**COLLECTED MATERIAL:**
Start of Block

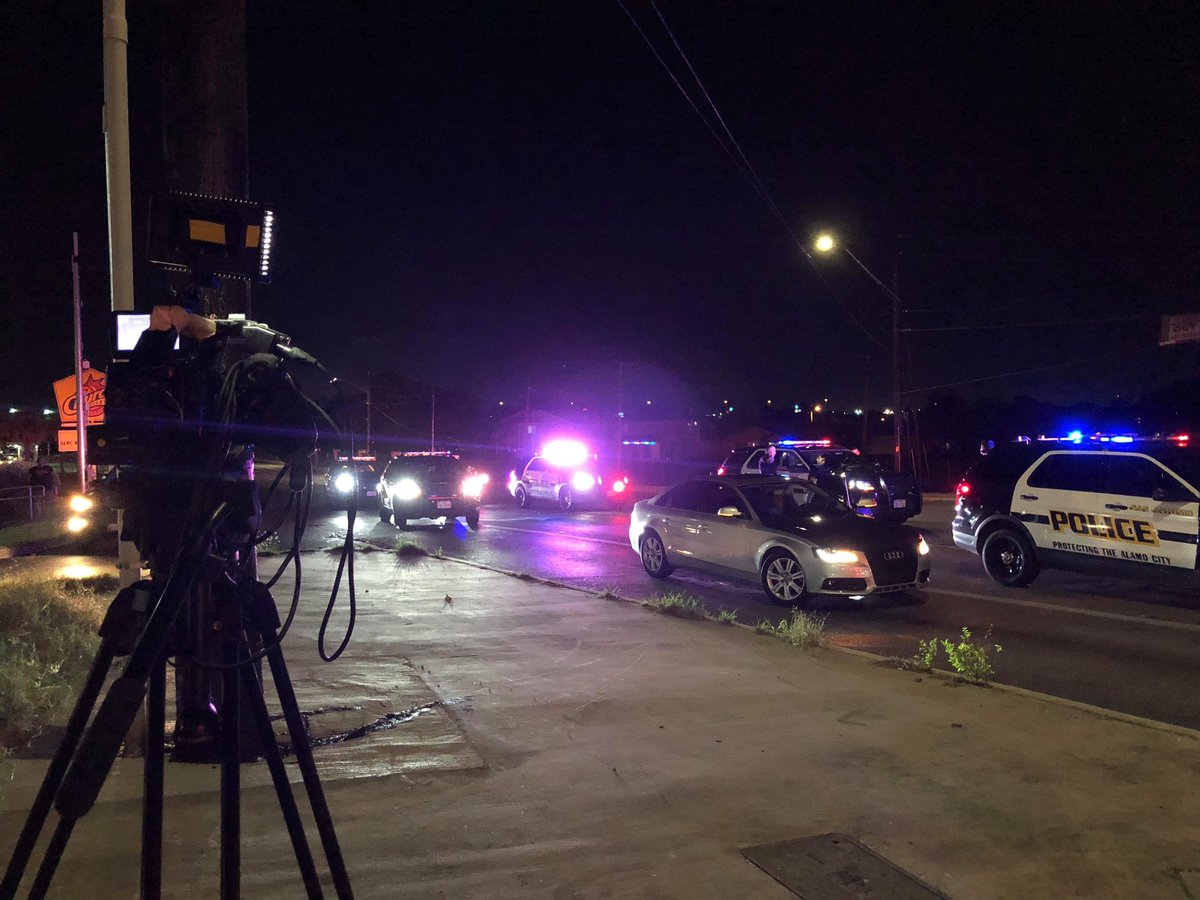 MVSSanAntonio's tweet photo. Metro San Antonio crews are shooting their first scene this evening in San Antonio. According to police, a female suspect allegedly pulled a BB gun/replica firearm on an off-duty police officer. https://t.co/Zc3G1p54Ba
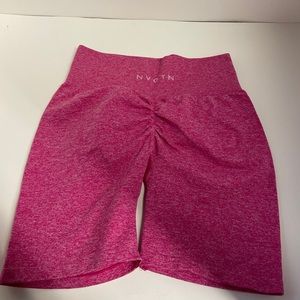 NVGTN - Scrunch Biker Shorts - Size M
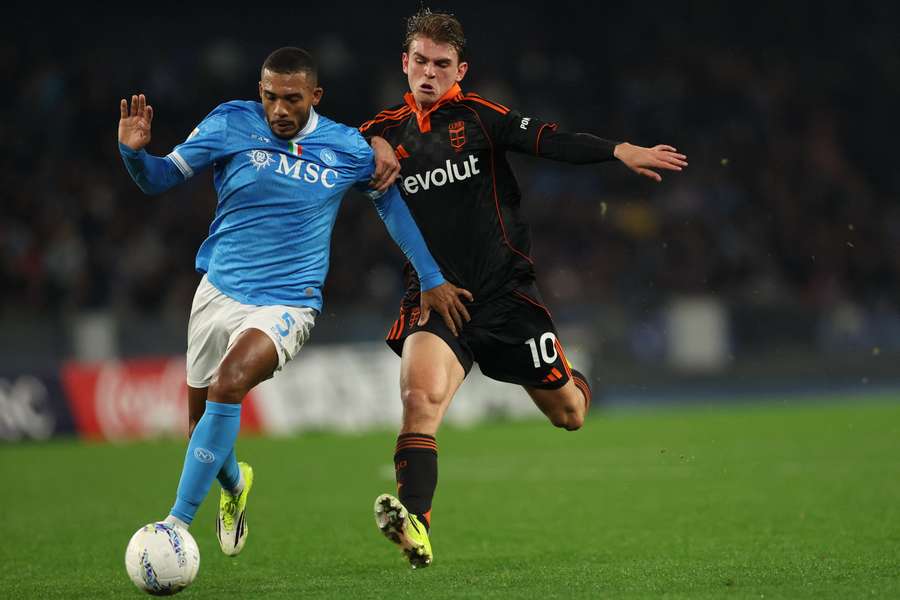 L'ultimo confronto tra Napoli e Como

End of Block

**WHAT TO WORK ON:** Since the pictures are not wanted, repeat only the rest of the material, exactly as given.

**THE COMPLETED TASK:**
 MVSSanAntonio's tweet photo. Metro San Antonio crews are shooting their first scene this evening in San Antonio. According to police, a female suspect allegedly pulled a BB gun/replica firearm on an off-duty police officer. https://t.co/Zc3G1p54Ba
 NVGTN - Scrunch Biker Shorts - Size M
 L'ultimo confronto tra Napoli e Como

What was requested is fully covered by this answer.